No gender differences were observed in the study. A woman’s life satisfaction explains their male partner’s life satisfaction just as much as a man’s life satisfaction explains their female partner’s. However, a woman’s life satisfaction was more strongly explained by their male partner’s life satisfaction in situations where the woman had a small social network.

“Women with a broad social network may be emotionally less dependent on their partner. However, the size of a man’s social network did not have an effect on how strongly their partner’s life satisfaction influenced their own,” Auvinen says.

The study included only heterosexual couples due to the small number of same-sex couples.

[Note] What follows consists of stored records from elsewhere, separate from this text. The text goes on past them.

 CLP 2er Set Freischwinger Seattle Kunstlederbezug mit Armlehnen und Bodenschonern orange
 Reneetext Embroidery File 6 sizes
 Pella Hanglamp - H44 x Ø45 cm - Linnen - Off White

Country-specific differences in the association of spouses’ life satisfaction

There were country-specific differences in the strength of the association of spouses’ life satisfaction. The association was strongest in Bulgaria, Greece, Hungary and Slovakia, while it was weaker in Belgium, Denmark, Finland, France, the Netherlands, Sweden and Switzerland. The countries with a weaker association tend to have higher overall levels of life satisfaction and a more individualistic culture.

“It would be interesting to explore these country-specific differences in more detail in future research.”

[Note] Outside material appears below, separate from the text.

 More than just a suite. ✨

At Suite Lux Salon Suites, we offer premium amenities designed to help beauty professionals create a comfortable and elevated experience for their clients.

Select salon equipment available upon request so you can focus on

The findings reinforce the idea of well-being as a shared experience, which should be considered when designing interventions and care programmes for older adults.

“If one partner is not doing well, there is a high risk that the other’s life satisfaction will not improve either. Also, when assessing the cost-effectiveness of different measures, the benefits achieved may be underestimated if externalities are overlooked and partners are considered separately.”

The study constitutes part of the Economic and Social Sustainability Across Time and Space in an Ageing Society project, SustAgeable, funded by the Strategic Research Council at the Research Council of Finland.